John William "Bill" Ricketts' early history is uncertain. It is believed that he was born in Bilston, Staffordshire England in October of 1769. Other accounts suggest that he was born in Scotland.

John Bill Ricketts is considered to be the father of the American circus. Although there were many traveling entertainers performing in early America, Ricketts was the first in this country to combine equestrians, acrobats, trained animals and clowns in one assembly. This format was already in use in England where Ricketts had performed as an equestrians.

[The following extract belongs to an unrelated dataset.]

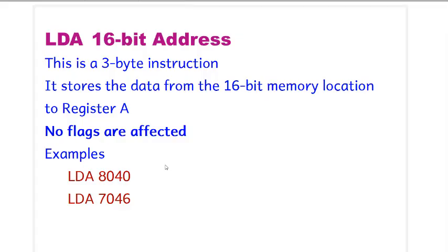Hello everyone, welcome to the 8085 assembly programming. Today we will be doing some instructions.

John Bill Ricketts began his performing career at age 17, training under the famed equestrian and manager Charles Hughes.

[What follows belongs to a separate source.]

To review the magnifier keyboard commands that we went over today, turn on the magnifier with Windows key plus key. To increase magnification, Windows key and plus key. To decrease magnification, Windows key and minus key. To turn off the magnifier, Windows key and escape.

In 1786 he performed as a equestrian and clown at the Jones’ Equestrian Amphitheater in Whitechapel.

In 1792 Ricketts sailed from England to America. Soon after his arrival, he began building his circus amphitheater in Philadelphia Pennsylvania, (at that time Philadelphia as serving as the capital of the newly formed United States). The building was located between Independance Hall and Oellers' Hotel. In the fall of 1792 he started training horses, equestrians and acrobats.

Ricketts' Circus opened on April 3, 1793 and was a huge success. President George Washington attended the performances on April 22, 1793 and January 24, 1797. It was stated that Washington, " put aside cares and worries and went to Ricketts' riding school to seek enjoyment and pleasure". Ricketts' Circus hosted a birthday ball and also a retirement party for Washington.

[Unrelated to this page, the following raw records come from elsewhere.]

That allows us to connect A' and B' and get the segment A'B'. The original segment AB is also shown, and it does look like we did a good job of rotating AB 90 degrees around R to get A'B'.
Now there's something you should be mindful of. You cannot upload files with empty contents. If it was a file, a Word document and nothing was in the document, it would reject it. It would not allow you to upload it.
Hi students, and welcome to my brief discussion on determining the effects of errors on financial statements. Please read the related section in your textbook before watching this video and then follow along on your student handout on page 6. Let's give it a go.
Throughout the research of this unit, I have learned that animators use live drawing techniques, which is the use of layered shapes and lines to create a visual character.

In 1795 Ricketts hired Matthew Sully, a prominent English singer, acrobat and clown who had preciously worked at Sadler's Wells Theatre in London. Later that year John Durang joined the circus. Durang is considered to be the first American born circus clown. Most of the know history of John Bill Ricketts and his circus comes from the writings of John Durang.

After the success and notoriety of his Philadelphia circus, Ricketts opened circuses in New York, Albany and gave performances at various towns in New England and Canada. Ricketts opened a second unit operated by his bother Francis which showed in Lancaster, York, Baltimore, and Annapolis.

On December 17, 1799 tragedy struck. A fire began in the circus building and spred quickly through the circus and then to the adjacent building the prestigious Oellers' Hotel. Both buildings burned to the ground.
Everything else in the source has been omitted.